▶ **INSTRUCTIONS TO FOLLOW**: Below are the entries; give again exactly the lines from the one mentioning "Baccharis coridifolia" through the one mentioning "Lima to Ballestas", inclusive.
==== DATA TO EXAMINE
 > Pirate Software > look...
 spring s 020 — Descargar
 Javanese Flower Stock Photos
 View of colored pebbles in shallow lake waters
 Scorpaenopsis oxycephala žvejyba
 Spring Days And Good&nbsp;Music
========
==== DATA TO EXAMINE
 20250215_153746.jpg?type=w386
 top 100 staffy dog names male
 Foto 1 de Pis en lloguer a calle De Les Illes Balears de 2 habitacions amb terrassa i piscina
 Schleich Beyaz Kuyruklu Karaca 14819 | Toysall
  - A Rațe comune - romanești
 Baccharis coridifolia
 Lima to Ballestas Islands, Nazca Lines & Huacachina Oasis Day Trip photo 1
========
▶ **ANSWER FOR THIS EXERCISE**:
 Baccharis coridifolia
 Lima to Ballestas Islands, Nazca Lines & Huacachina Oasis Day Trip photo 1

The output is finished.